~/home/study/sharphound-data-collection

SharpHound Data Collection: Gathering AD Relationships - Intro Guide

Learn how to run SharpHound with default and custom collection methods, interpret its JSON output, filter noisy data, stay stealthy, and export results for BloodHound ingestion. This guide gives practical examples, mitigation tips, and hands-on exercises.

Introduction

SharpHound is the data-gathering engine behind the popular BloodHound graph analysis platform. It enumerates Active Directory (AD) objects and their relationships, producing a graph that attackers (and defenders) can query to discover privilege‑escalation paths, lateral‑movement opportunities, and misconfigurations.

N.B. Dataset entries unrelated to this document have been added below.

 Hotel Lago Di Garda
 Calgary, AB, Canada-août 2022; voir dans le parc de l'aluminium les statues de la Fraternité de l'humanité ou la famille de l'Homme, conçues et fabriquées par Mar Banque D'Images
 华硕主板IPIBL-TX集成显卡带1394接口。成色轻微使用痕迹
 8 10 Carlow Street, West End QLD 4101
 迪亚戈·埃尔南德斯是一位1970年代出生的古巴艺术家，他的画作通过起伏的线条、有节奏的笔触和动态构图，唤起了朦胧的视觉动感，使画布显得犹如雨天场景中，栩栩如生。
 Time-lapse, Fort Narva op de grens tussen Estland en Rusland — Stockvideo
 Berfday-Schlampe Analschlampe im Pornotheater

Understanding how SharpHound collects data, what it returns, and how to shape that collection is essential for both red‑team engagements and blue‑team monitoring. In real‑world penetration tests, the quality of the collected graph often determines whether a silent foothold can be turned into domain admin.

Prerequisites

  • Active Directory Fundamentals: Objects, Trusts, and Permissions
  • PowerView for AD Enumeration: Discovering Users, Groups, and Computers
  • LDAP Query Techniques for Precise AD Data Extraction

If you are comfortable running PowerView commands, crafting LDAP filters, and interpreting security descriptors, you are ready to dive into SharpHound.

Core Concepts

SharpHound walks the AD forest, querying LDAP, the SAMR RPC interface, and the Windows Management Instrumentation (WMI) service. It builds two fundamental graph elements:

  1. Nodes: Represent AD objects such as users, computers, groups, GPOs, and containers.
  2. Edges: Represent relationships like memberOf, hasSession, allowedToDelegate, and hasSIDHistory.

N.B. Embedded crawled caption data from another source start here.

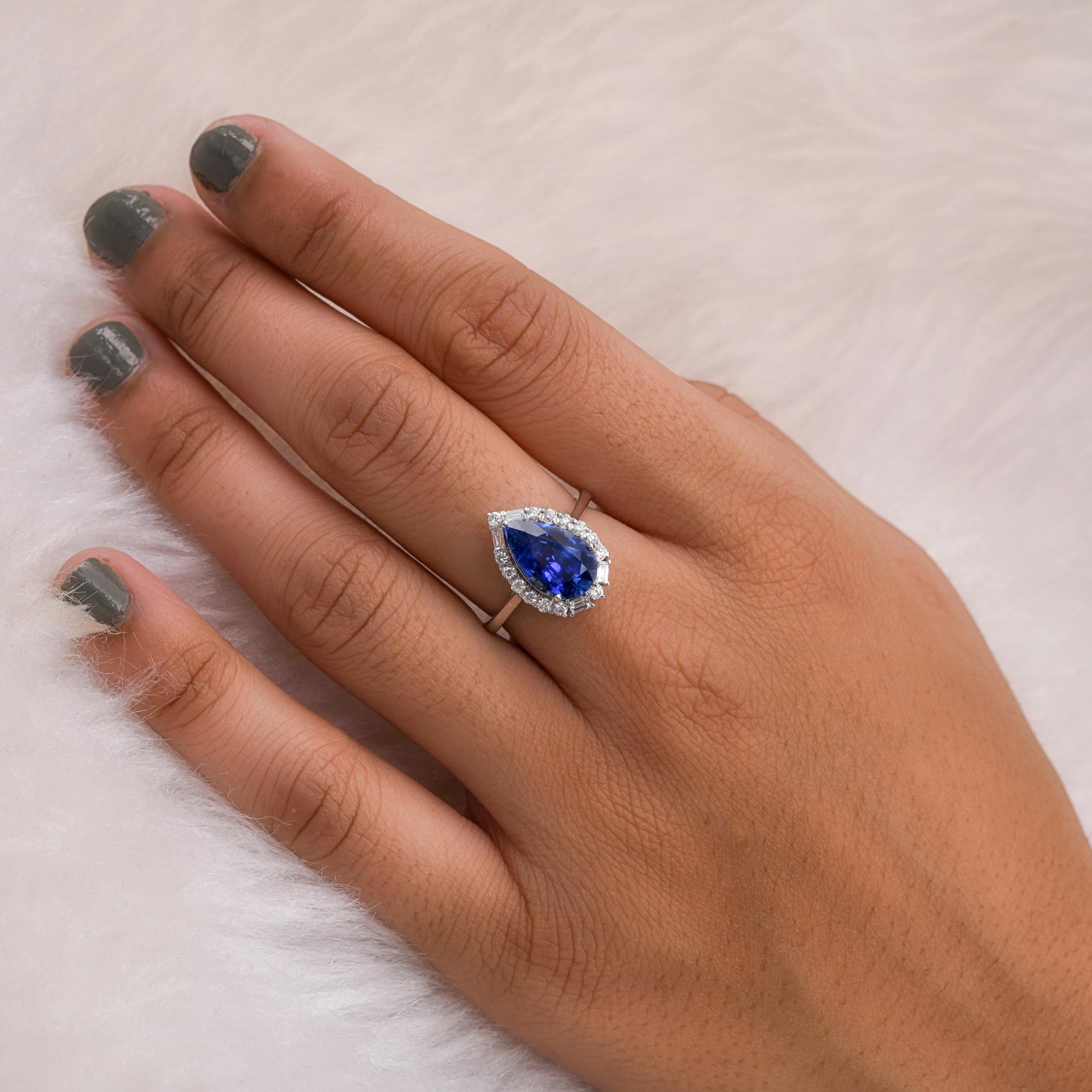 Taille poire Bague en or blanc 14 carats avec saphir bleu poire et diamant SI/H en vente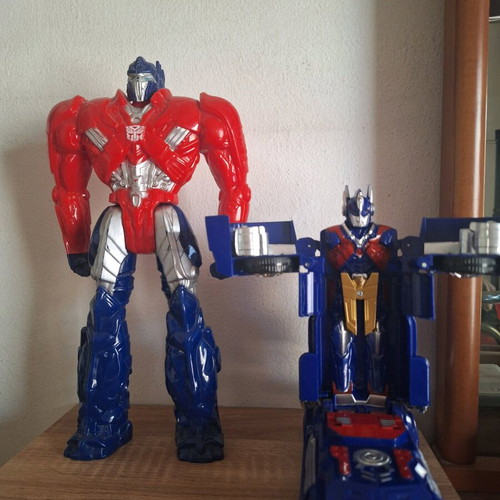 Transformers Optimus Prime figure 30cm like new with battery car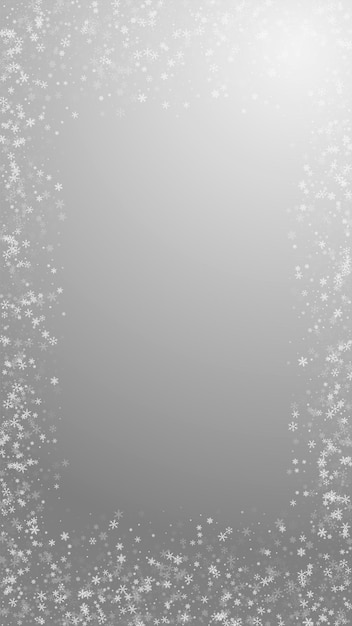 Schöner schneefall-weihnachtshintergrund. subtile fliegende schneeflocken und sterne auf grauem hintergrund. erstaunliche winter-silber-schneeflocken-overlay-vorlage. trendige vertikale abbildung.
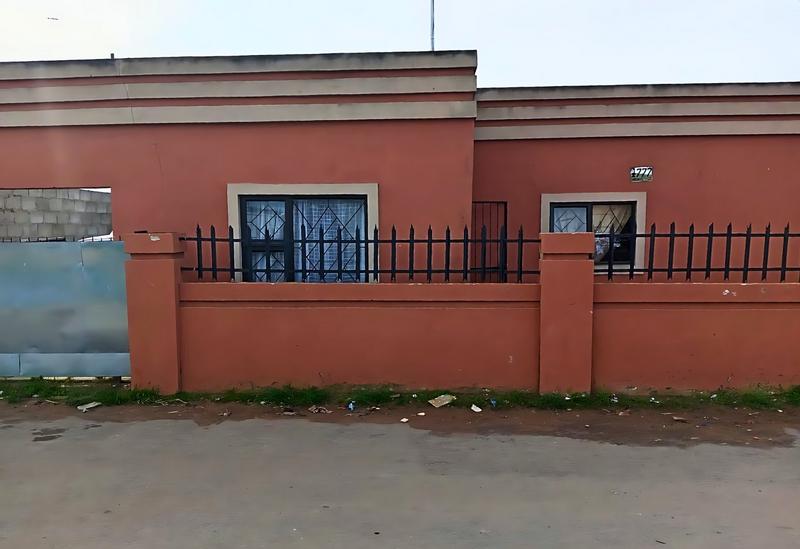 4 Bedroom Property for Sale in Kwanonqaba Western Cape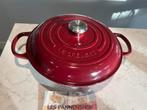 Nieuwe Le Creuset Campagnard, Rhone/Garnet 30 cm, Gietijzer, Nieuw, Ophalen of Verzenden, Keramische plaat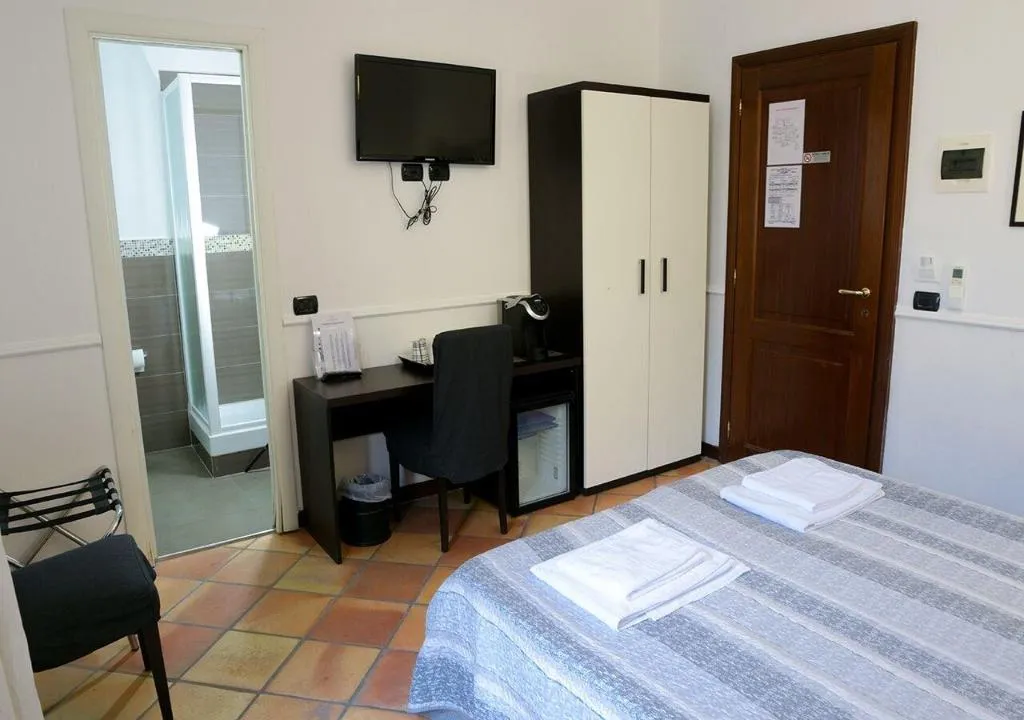 Room, Few Steps From Colosseum, Naples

Each node and edge carries a set of properties - for example, a user node includes samaccountname, objectsid, and pwdlastset. Edge properties describe the nature of the link, such as isacl (true if the relationship was discovered via an ACL). The final output is a collection of JSON files that BloodHound ingests to build the visual graph.

Because SharpHound can be noisy, it offers collection flags (-c) to narrow focus, and stealth flags (-d, -v) to reduce detection surface.

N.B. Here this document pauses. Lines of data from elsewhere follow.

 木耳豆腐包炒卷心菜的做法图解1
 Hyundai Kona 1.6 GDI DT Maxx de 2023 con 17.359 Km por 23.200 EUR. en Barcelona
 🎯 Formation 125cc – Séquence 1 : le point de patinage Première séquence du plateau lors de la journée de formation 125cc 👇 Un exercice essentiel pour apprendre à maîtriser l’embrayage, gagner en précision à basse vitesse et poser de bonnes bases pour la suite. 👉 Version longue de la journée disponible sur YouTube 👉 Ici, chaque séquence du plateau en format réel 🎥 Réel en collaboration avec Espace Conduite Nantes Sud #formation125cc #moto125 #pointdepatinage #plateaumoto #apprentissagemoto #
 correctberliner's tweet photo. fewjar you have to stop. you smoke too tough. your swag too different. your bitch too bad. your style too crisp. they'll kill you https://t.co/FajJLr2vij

Running SharpHound with default and custom collection methods

The simplest way to start is the built‑in All collection set, which gathers every supported object type. The command is straightforward:

powershell -ExecutionPolicy Bypass -NoProfile -Command "Import-Module .\SharpHound.ps1; Invoke-SharpHound -CollectionMethod All -Domain yourdomain.local"

While effective, the All method can generate gigabytes of data in large forests and trigger alerts on high LDAP query volume.

Custom collection methods let you target specific data sources. The most common flags are:

  • -c Session - Enumerates active logon sessions on computers.
  • -c LocalAdmin - Finds local administrators on each host.
  • -c Trusts - Pulls forest and external trust relationships.
  • -c ACL - Parses security descriptors for permission edges.

Example: Collect only session and ACL data, which is often enough to map privilege‑escalation paths:

powershell -ExecutionPolicy Bypass -NoProfile -Command "Import-Module .\SharpHound.ps1; Invoke-SharpHound -CollectionMethod Session,ACL -Domain yourdomain.local"

Note the use of a comma‑separated list; SharpHound accepts either a space‑separated list or a single string with commas.

Understanding the JSON output schema (nodes, edges, properties)

After execution, SharpHound writes a series of .json files to the \BloodHound_timestamp folder. The three primary files are:

  • nodes.json - An array of objects, each representing a node. Example excerpt:
[ { "type": "user", "objectid": "S-1-5-21-1234567890-123456789-1234567890-1105", "properties": { "samaccountname": "jdoe", "displayname": "John Doe", "distinguishedname": "CN=John Doe,OU=Users,DC=corp,DC=example,DC=com", "pwdlastset": 1625097600, "enabled": true }
}, ... ]
  • edges.json - An array of relationship objects. Example:
[ { "source": "S-1-5-21-1234567890-123456789-1234567890-1105", "target": "S-1-5-21-1234567890-123456789-1234567890-512", "type": "MemberOf", "properties": { "isacl": false }
}, ... ]

Key points to remember:

  1. Object IDs are always SIDs, which BloodHound uses as unique identifiers.
  2. Edge Types are capitalized strings that map to BloodHound relationship names (e.g., MemberOf, HasSession, AllowedToDelegate).
  3. Properties may include isacl, isaclprotected, isaclinherit, and any custom attributes you requested with -Property.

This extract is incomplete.